◆ Material provided
========

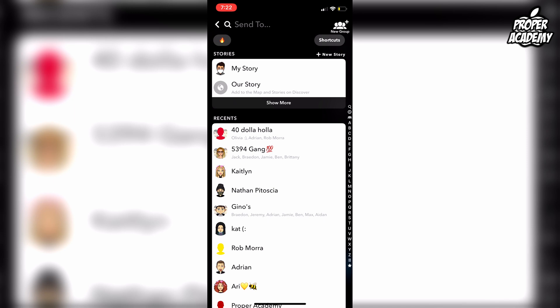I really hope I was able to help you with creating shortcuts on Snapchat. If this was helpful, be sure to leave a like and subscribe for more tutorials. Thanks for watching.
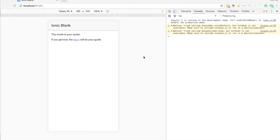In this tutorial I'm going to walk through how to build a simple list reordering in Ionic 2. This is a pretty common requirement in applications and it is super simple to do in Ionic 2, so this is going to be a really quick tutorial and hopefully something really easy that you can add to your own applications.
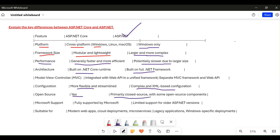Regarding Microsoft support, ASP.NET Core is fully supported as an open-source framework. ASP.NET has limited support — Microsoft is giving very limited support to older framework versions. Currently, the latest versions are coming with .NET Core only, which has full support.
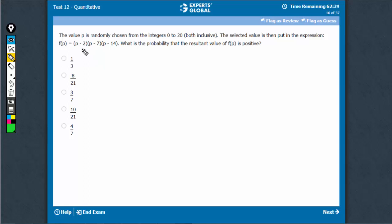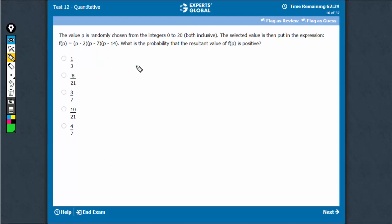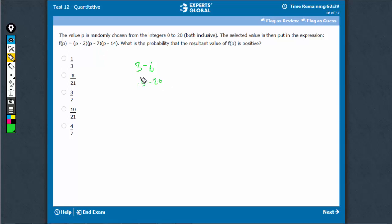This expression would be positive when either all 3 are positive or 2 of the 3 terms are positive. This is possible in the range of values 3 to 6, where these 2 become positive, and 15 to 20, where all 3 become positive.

========

◆ What to work on
Return the full listing above exactly as written, and omit the pictures.

◆ Exercise solution
I really hope I was able to help you with creating shortcuts on Snapchat. If this was helpful, be sure to leave a like and subscribe for more tutorials. Thanks for watching.
In this tutorial I'm going to walk through how to build a simple list reordering in Ionic 2. This is a pretty common requirement in applications and it is super simple to do in Ionic 2, so this is going to be a really quick tutorial and hopefully something really easy that you can add to your own applications.
Regarding Microsoft support, ASP.NET Core is fully supported as an open-source framework. ASP.NET has limited support — Microsoft is giving very limited support to older framework versions. Currently, the latest versions are coming with .NET Core only, which has full support.
This expression would be positive when either all 3 are positive or 2 of the 3 terms are positive. This is possible in the range of values 3 to 6, where these 2 become positive, and 15 to 20, where all 3 become positive.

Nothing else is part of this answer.